_About this exercise_
When a picture appears in the listing, leave it out and copy the rest exactly as it stands.

_Working data_

==========

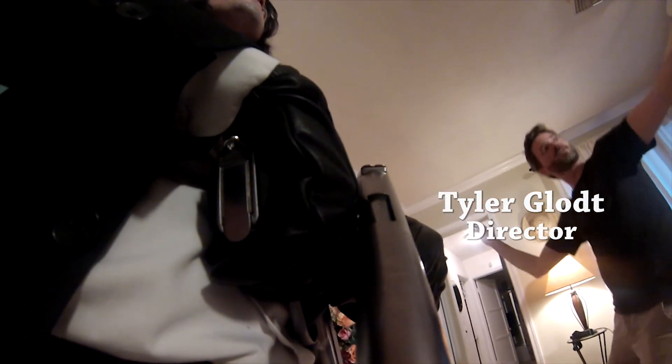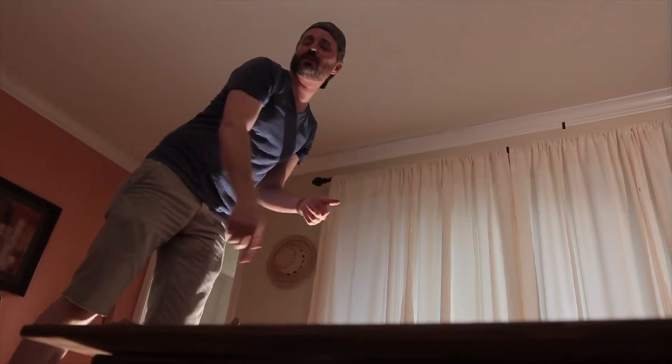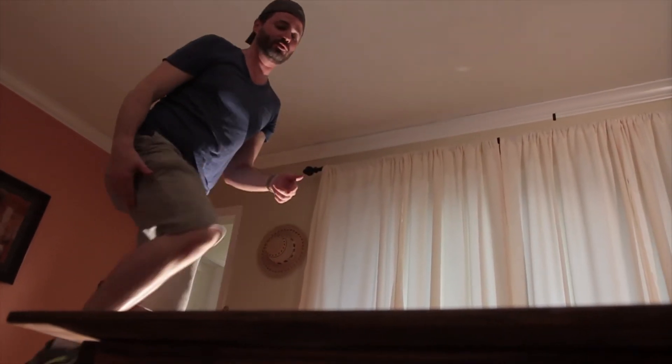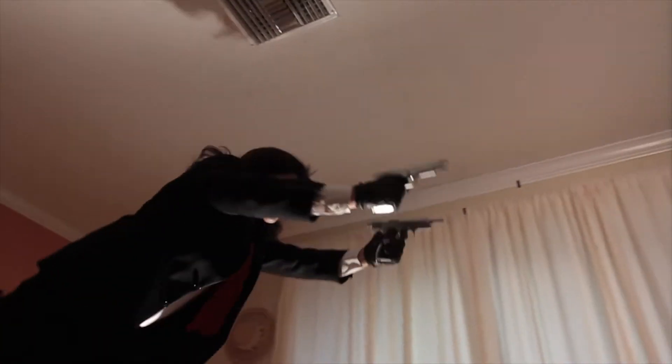Yeah, whenever his hand, his gun goes out... Yeah, okay. So you don't put your foot here? No, I don't. Okay, so how about this — right over here — boom, boom, and then go. Okay, that was good.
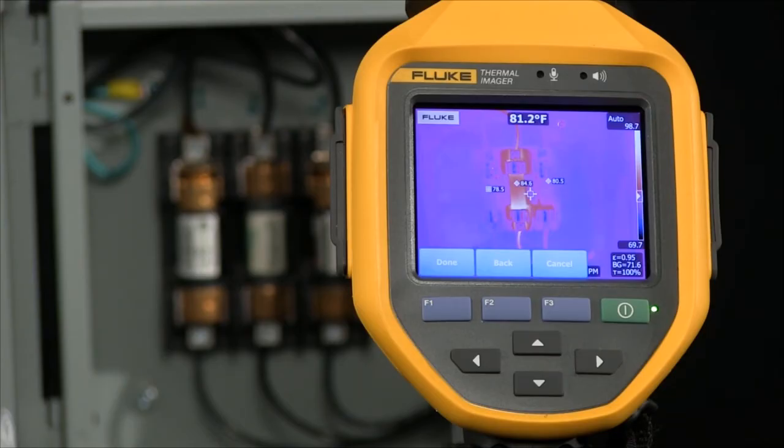Decisions can be made earlier, saving possible downtime and equipment costs.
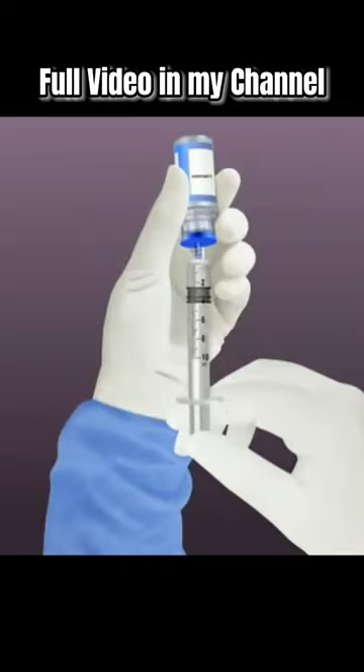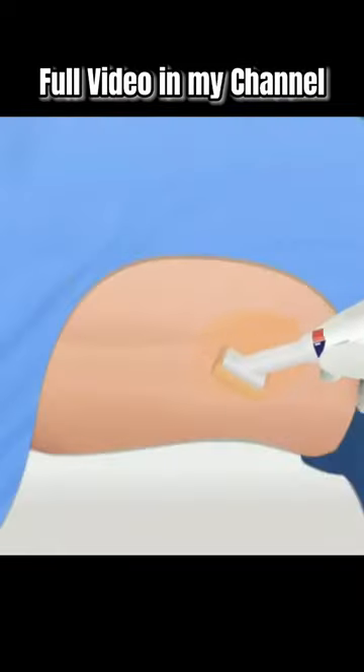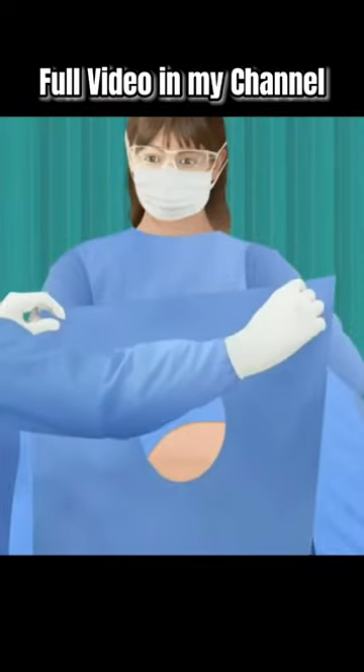Identifying landmarks, preparing local anesthetic, cleansing the site, draping the child, and repositioning as needed.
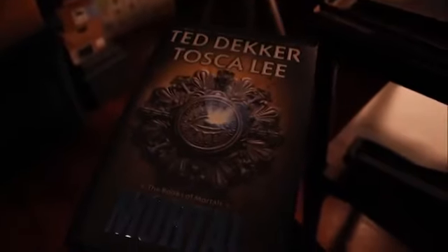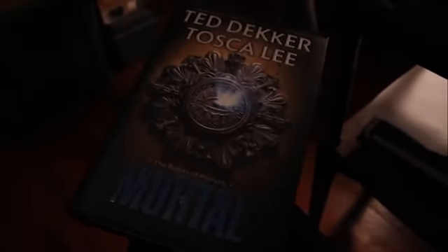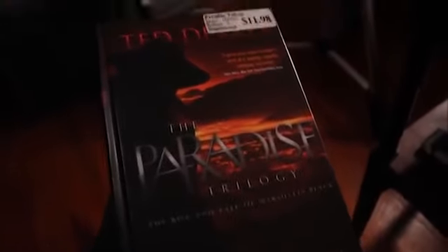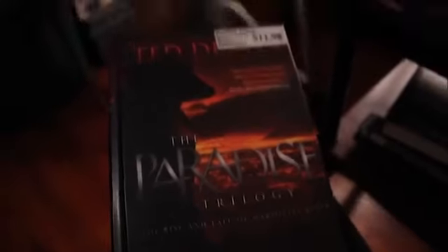I keep my laptop on my nightstand when I'm animating. And a little 'currently reading' — I'm reading Immortal by Ted Dekker and Tosca Lee. My girlfriend and I are reading it together — slow going process, but it's a pretty good book, and the first one was very good. Also more currently reading is The Paradise Trilogy, also by Ted Dekker. I'm almost done with this one, as you can see by the bookmark. It's a really good book — definitely recommend it. It's a little strange, but I like strange.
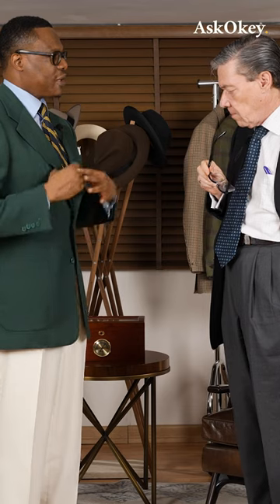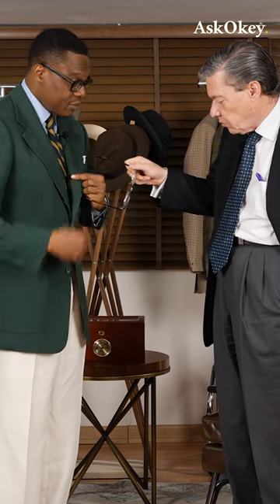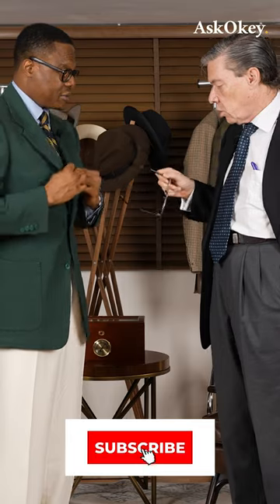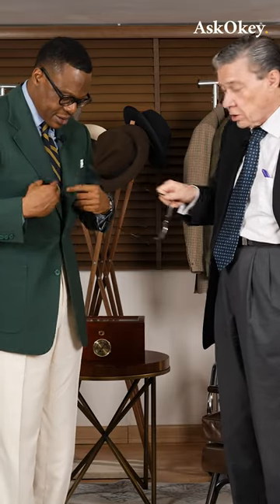So the 3-Roll 2 is more of a sporty look. This one, you don't see much of the 3 — or whatever you call this — because it rolls a bit lower. But it is effectively 3-button. It is indeed, yes.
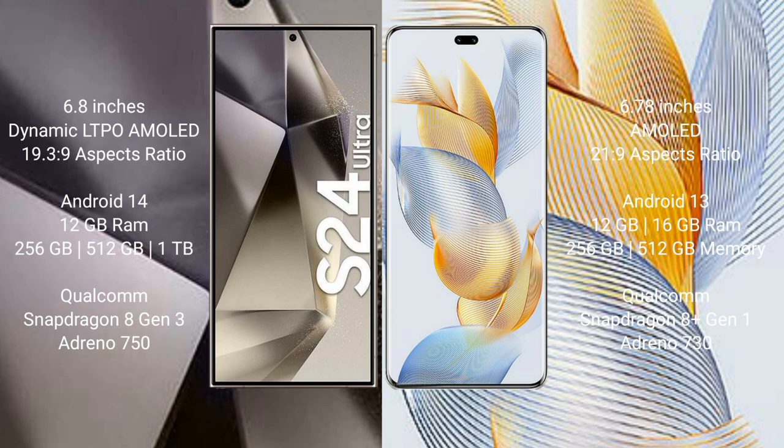Samsung Galaxy S24 Ultra comes with a 6.8-inch Dynamic LTPO AMOLED display and aspect ratio 19 to 9. Honor 90 Pro comes with a 6.78-inch AMOLED display and aspect ratio 21 to 9. Samsung Galaxy S24 Ultra runs on Android 14 operating system. Honor 90 Pro runs on Android 13 operating system.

==========

_Solution for this problem_
Yeah, whenever his hand, his gun goes out... Yeah, okay. So you don't put your foot here? No, I don't. Okay, so how about this — right over here — boom, boom, and then go. Okay, that was good.
Decisions can be made earlier, saving possible downtime and equipment costs.
Identifying landmarks, preparing local anesthetic, cleansing the site, draping the child, and repositioning as needed.
I keep my laptop on my nightstand when I'm animating. And a little 'currently reading' — I'm reading Immortal by Ted Dekker and Tosca Lee. My girlfriend and I are reading it together — slow going process, but it's a pretty good book, and the first one was very good. Also more currently reading is The Paradise Trilogy, also by Ted Dekker. I'm almost done with this one, as you can see by the bookmark. It's a really good book — definitely recommend it. It's a little strange, but I like strange.
So the 3-Roll 2 is more of a sporty look. This one, you don't see much of the 3 — or whatever you call this — because it rolls a bit lower. But it is effectively 3-button. It is indeed, yes.
Samsung Galaxy S24 Ultra comes with a 6.8-inch Dynamic LTPO AMOLED display and aspect ratio 19 to 9. Honor 90 Pro comes with a 6.78-inch AMOLED display and aspect ratio 21 to 9. Samsung Galaxy S24 Ultra runs on Android 14 operating system. Honor 90 Pro runs on Android 13 operating system.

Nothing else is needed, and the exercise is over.